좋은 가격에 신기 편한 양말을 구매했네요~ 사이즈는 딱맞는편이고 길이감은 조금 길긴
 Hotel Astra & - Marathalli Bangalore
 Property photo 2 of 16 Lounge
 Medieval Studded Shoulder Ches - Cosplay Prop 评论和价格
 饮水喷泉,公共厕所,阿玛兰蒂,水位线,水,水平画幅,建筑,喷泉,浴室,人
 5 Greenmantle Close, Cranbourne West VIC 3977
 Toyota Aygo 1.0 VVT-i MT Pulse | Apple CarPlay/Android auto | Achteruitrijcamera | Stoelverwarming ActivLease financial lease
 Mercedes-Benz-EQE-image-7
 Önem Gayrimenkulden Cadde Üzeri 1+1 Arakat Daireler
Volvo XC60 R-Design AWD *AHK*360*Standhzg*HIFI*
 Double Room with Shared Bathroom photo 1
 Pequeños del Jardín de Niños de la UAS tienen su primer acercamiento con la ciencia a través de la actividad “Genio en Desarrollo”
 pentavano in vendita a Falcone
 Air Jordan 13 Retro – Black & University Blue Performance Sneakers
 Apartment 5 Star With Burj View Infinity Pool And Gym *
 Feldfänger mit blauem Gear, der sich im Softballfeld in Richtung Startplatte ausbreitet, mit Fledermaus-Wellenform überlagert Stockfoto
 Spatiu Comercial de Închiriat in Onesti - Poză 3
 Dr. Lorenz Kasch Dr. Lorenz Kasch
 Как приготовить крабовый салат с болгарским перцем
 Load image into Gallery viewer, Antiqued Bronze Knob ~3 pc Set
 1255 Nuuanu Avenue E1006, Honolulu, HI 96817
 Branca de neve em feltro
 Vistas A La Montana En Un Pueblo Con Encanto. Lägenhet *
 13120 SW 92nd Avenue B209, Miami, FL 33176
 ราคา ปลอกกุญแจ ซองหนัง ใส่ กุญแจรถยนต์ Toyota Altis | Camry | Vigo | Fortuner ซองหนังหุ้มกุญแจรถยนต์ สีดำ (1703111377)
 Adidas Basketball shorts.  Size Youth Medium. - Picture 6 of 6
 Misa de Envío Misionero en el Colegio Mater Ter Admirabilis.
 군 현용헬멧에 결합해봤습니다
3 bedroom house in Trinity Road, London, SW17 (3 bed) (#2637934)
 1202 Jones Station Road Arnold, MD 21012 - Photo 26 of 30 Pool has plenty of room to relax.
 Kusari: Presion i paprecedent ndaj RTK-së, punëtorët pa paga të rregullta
============================================================
Copy the records above. Leave out nothing.

» Your solution
좋은 가격에 신기 편한 양말을 구매했네요~ 사이즈는 딱맞는편이고 길이감은 조금 길긴
 Hotel Astra & - Marathalli Bangalore
 Property photo 2 of 16 Lounge
 Medieval Studded Shoulder Ches - Cosplay Prop 评论和价格
 饮水喷泉,公共厕所,阿玛兰蒂,水位线,水,水平画幅,建筑,喷泉,浴室,人
 5 Greenmantle Close, Cranbourne West VIC 3977
 Toyota Aygo 1.0 VVT-i MT Pulse | Apple CarPlay/Android auto | Achteruitrijcamera | Stoelverwarming ActivLease financial lease
 Mercedes-Benz-EQE-image-7
 Önem Gayrimenkulden Cadde Üzeri 1+1 Arakat Daireler
Volvo XC60 R-Design AWD *AHK*360*Standhzg*HIFI*
 Double Room with Shared Bathroom photo 1
 Pequeños del Jardín de Niños de la UAS tienen su primer acercamiento con la ciencia a través de la actividad “Genio en Desarrollo”
 pentavano in vendita a Falcone
 Air Jordan 13 Retro – Black & University Blue Performance Sneakers
 Apartment 5 Star With Burj View Infinity Pool And Gym *
 Feldfänger mit blauem Gear, der sich im Softballfeld in Richtung Startplatte ausbreitet, mit Fledermaus-Wellenform überlagert Stockfoto
 Spatiu Comercial de Închiriat in Onesti - Poză 3
 Dr. Lorenz Kasch Dr. Lorenz Kasch
 Как приготовить крабовый салат с болгарским перцем
 Load image into Gallery viewer, Antiqued Bronze Knob ~3 pc Set
 1255 Nuuanu Avenue E1006, Honolulu, HI 96817
 Branca de neve em feltro
 Vistas A La Montana En Un Pueblo Con Encanto. Lägenhet *
 13120 SW 92nd Avenue B209, Miami, FL 33176
 ราคา ปลอกกุญแจ ซองหนัง ใส่ กุญแจรถยนต์ Toyota Altis | Camry | Vigo | Fortuner ซองหนังหุ้มกุญแจรถยนต์ สีดำ (1703111377)
 Adidas Basketball shorts.  Size Youth Medium. - Picture 6 of 6
 Misa de Envío Misionero en el Colegio Mater Ter Admirabilis.
 군 현용헬멧에 결합해봤습니다
3 bedroom house in Trinity Road, London, SW17 (3 bed) (#2637934)
 1202 Jones Station Road Arnold, MD 21012 - Photo 26 of 30 Pool has plenty of room to relax.
 Kusari: Presion i paprecedent ndaj RTK-së, punëtorët pa paga të rregullta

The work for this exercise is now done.